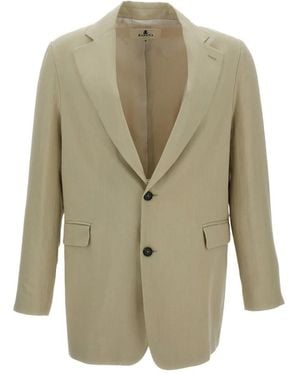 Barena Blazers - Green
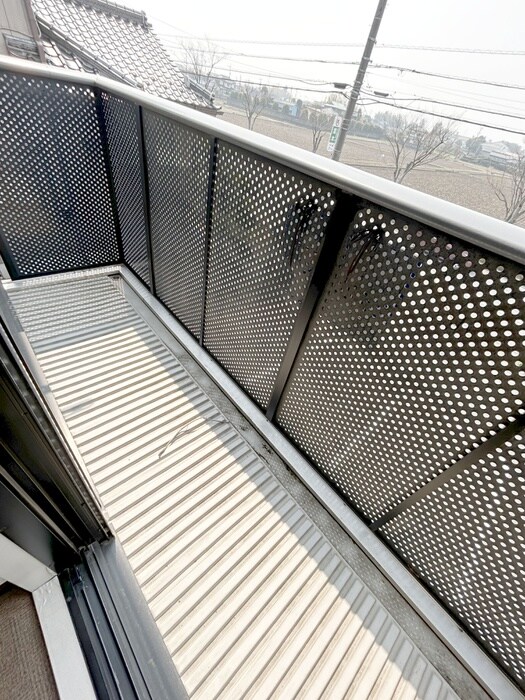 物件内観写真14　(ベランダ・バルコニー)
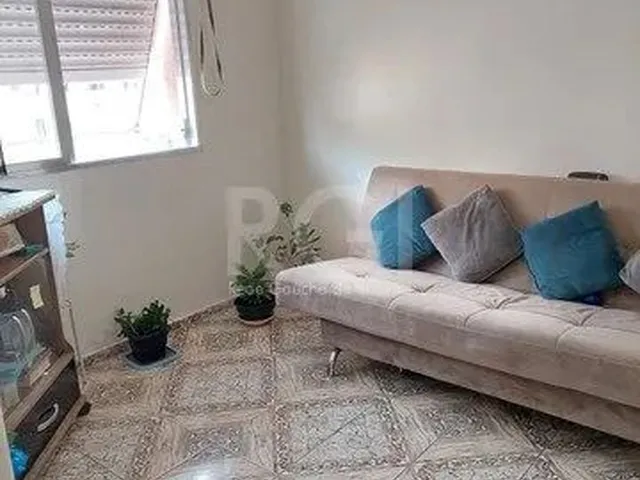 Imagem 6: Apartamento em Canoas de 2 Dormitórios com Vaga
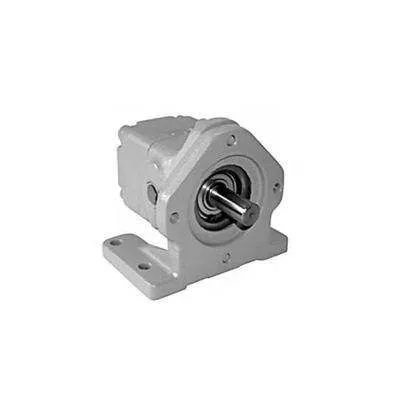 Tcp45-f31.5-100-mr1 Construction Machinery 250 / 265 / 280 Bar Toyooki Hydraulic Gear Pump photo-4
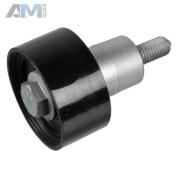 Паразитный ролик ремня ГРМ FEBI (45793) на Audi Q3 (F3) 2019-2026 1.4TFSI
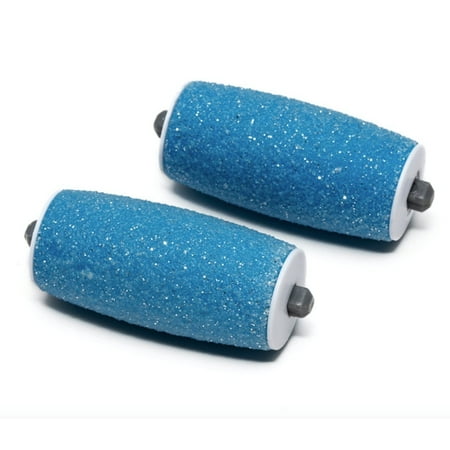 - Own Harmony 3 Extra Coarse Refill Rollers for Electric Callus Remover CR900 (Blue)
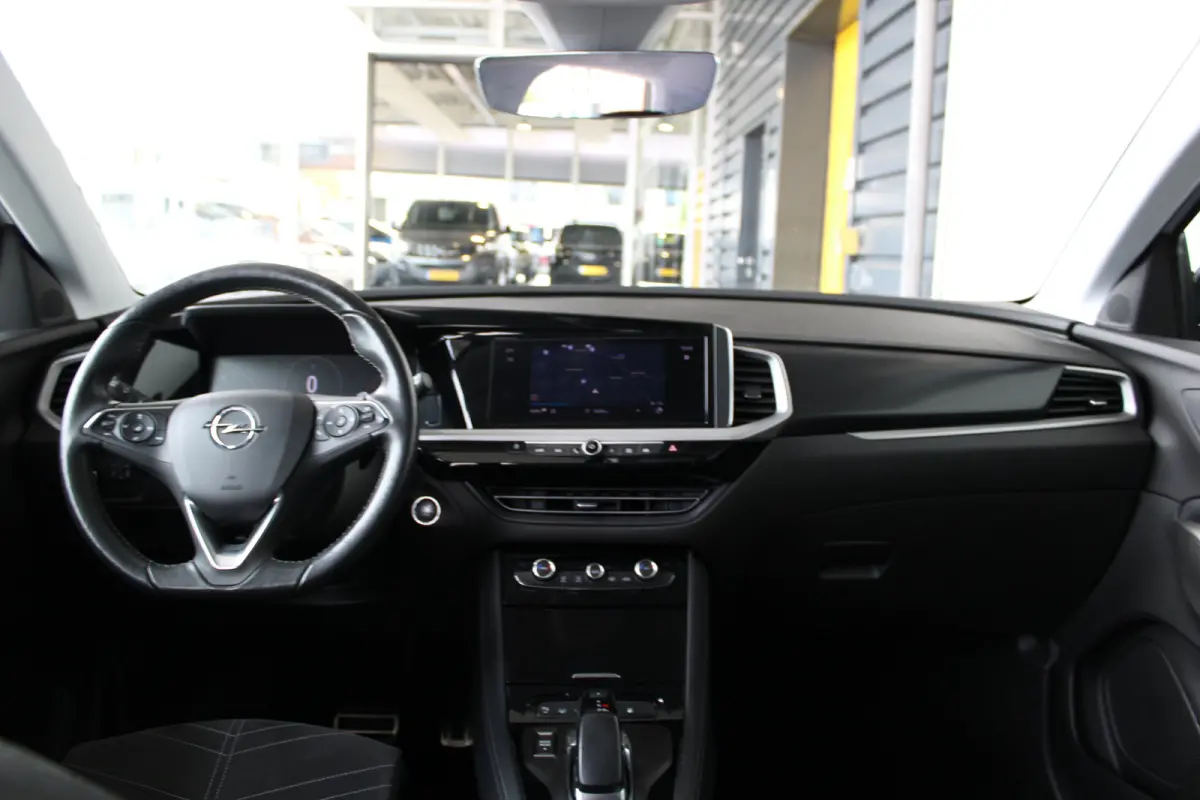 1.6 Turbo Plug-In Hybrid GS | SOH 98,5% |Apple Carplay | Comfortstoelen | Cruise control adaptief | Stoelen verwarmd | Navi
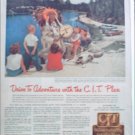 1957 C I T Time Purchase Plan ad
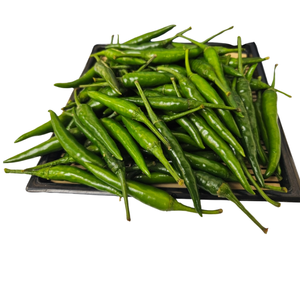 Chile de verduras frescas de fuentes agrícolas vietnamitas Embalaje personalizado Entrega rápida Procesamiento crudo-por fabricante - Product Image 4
-- -- --
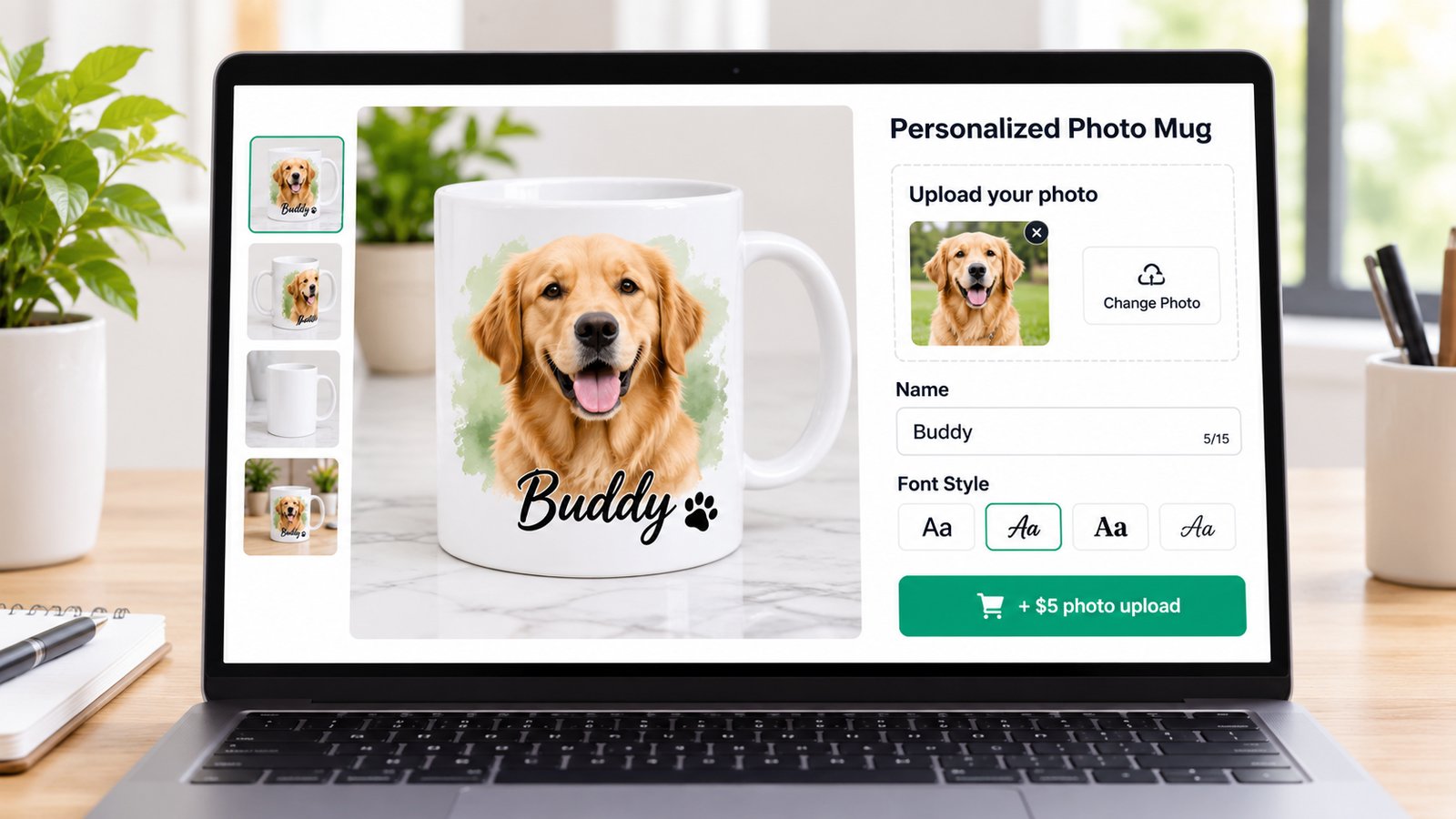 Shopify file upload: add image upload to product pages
-- -- --
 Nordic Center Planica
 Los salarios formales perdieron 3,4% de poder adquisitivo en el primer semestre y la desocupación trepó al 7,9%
-- -- --
*Exercise description*.
Look above for the line with "- Own Harmony" and the line with "Chile de verduras". Output those two and everything between them exactly, pictures excluded.

*Response below*.
 - Own Harmony 3 Extra Coarse Refill Rollers for Electric Callus Remover CR900 (Blue)
 1.6 Turbo Plug-In Hybrid GS | SOH 98,5% |Apple Carplay | Comfortstoelen | Cruise control adaptief | Stoelen verwarmd | Navi
 1957 C I T Time Purchase Plan ad
 Chile de verduras frescas de fuentes agrícolas vietnamitas Embalaje personalizado Entrega rápida Procesamiento crudo-por fabricante - Product Image 4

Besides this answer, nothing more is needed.